### What you need to do
Filter the listing below for "Blue" and report every line that has it.

### Supplied data
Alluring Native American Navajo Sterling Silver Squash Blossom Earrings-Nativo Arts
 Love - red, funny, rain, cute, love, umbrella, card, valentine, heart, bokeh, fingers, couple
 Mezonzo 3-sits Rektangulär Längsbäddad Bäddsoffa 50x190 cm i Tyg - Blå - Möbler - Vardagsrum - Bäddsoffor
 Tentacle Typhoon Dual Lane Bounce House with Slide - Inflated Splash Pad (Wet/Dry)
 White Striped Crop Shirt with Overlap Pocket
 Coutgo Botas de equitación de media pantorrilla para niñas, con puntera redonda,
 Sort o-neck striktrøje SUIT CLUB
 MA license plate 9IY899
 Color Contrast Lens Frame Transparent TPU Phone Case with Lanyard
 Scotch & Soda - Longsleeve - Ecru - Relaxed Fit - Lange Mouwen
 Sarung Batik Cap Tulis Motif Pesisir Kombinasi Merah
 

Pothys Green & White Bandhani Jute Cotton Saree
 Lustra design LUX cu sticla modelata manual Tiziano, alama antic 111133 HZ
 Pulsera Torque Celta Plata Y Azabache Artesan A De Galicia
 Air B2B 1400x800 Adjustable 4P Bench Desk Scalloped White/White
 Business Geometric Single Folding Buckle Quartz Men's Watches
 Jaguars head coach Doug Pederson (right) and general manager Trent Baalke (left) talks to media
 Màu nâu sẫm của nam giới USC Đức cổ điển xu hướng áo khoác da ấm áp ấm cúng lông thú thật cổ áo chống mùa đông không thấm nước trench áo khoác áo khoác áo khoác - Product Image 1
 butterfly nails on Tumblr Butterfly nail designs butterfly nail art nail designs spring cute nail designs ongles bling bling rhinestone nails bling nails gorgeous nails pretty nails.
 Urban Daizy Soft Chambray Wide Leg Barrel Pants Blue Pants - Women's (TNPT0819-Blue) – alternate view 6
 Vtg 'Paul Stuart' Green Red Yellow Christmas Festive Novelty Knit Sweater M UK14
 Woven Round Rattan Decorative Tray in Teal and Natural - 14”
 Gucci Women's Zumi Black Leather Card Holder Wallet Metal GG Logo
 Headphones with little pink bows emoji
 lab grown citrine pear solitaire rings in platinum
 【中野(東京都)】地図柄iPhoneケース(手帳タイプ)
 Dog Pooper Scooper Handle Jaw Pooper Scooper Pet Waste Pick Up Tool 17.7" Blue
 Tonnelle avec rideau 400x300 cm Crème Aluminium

### Result of this task
 Urban Daizy Soft Chambray Wide Leg Barrel Pants Blue Pants - Women's (TNPT0819-Blue) – alternate view 6
 Dog Pooper Scooper Handle Jaw Pooper Scooper Pet Waste Pick Up Tool 17.7" Blue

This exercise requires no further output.